#### Available records

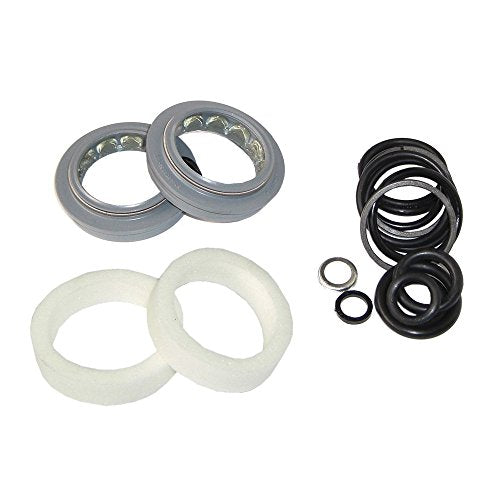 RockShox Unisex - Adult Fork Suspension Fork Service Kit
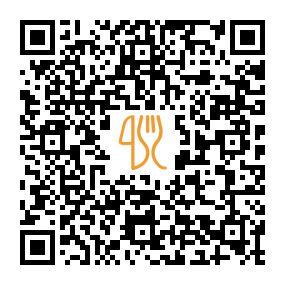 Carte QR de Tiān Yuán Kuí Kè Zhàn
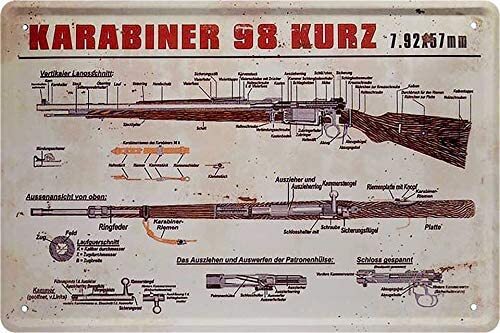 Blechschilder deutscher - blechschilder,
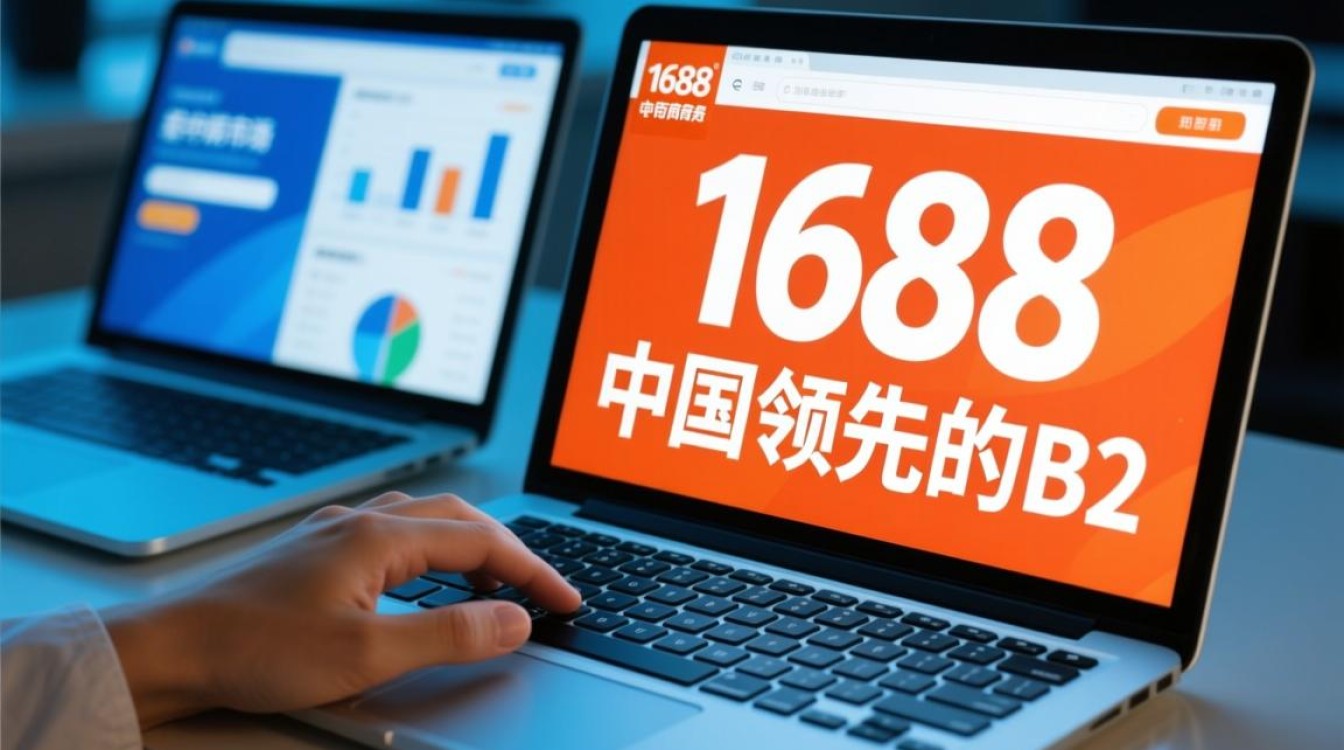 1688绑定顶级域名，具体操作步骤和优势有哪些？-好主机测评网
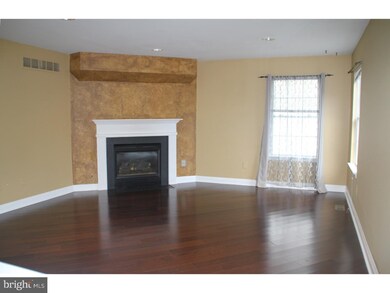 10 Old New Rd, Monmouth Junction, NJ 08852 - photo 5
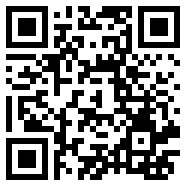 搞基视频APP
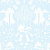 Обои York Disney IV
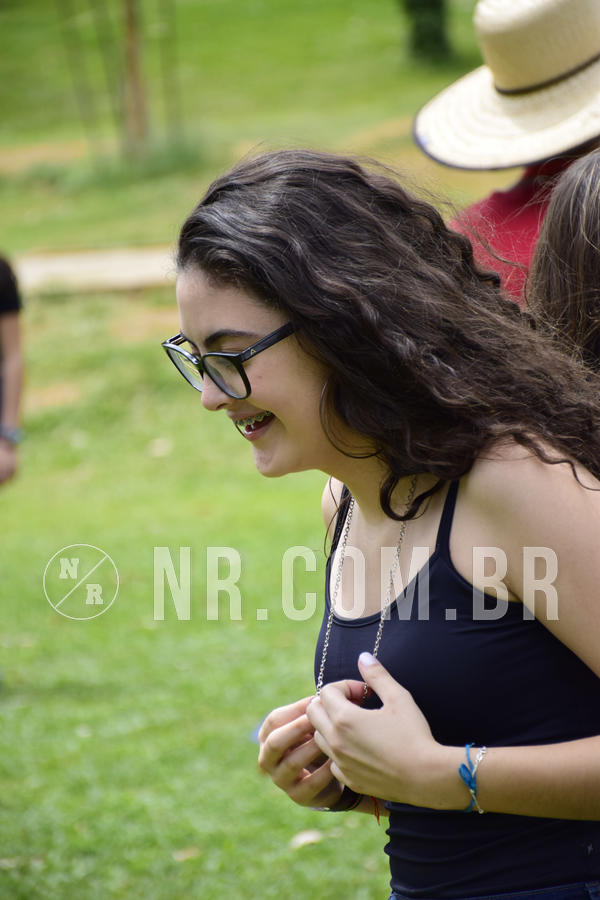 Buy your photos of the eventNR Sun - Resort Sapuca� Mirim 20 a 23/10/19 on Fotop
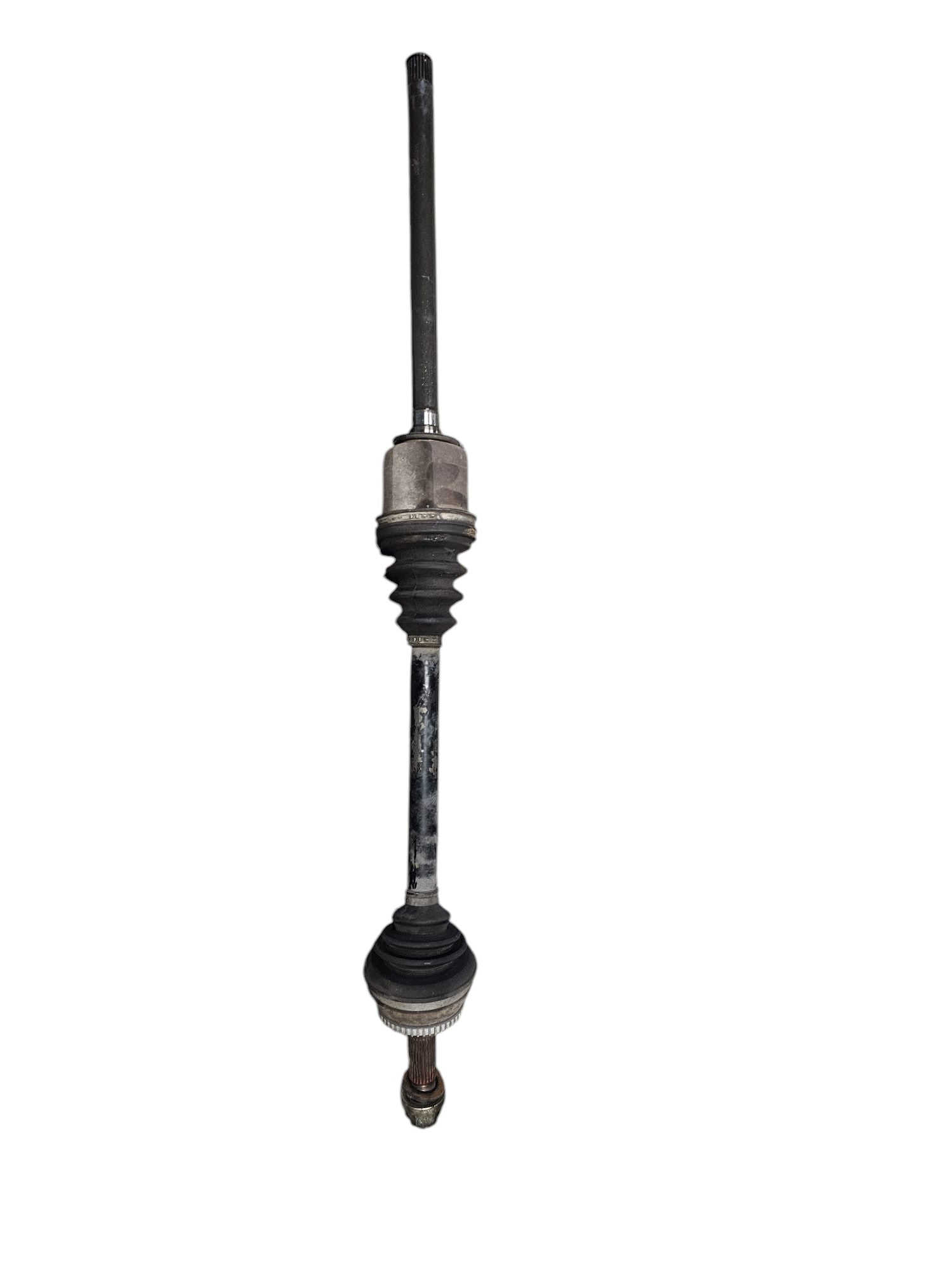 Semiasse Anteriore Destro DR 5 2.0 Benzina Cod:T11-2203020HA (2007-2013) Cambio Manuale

########
#### Available records

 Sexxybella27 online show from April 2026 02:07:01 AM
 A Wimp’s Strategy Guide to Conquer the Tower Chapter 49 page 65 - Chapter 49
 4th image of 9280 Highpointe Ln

########

■ What you are asked to do: Using the data above, return the lines from the one holding "Carte QR de Tiān Yuán Kuí Kè Zhàn" through the one holding "Semiasse Anteriore Destro" exactly, but not the pictures.

■ Completed task:
 Carte QR de Tiān Yuán Kuí Kè Zhàn
 Blechschilder deutscher - blechschilder,
 1688绑定顶级域名，具体操作步骤和优势有哪些？-好主机测评网
 10 Old New Rd, Monmouth Junction, NJ 08852 - photo 5
 搞基视频APP
 Обои York Disney IV
 Buy your photos of the eventNR Sun - Resort Sapuca� Mirim 20 a 23/10/19 on Fotop
 Semiasse Anteriore Destro DR 5 2.0 Benzina Cod:T11-2203020HA (2007-2013) Cambio Manuale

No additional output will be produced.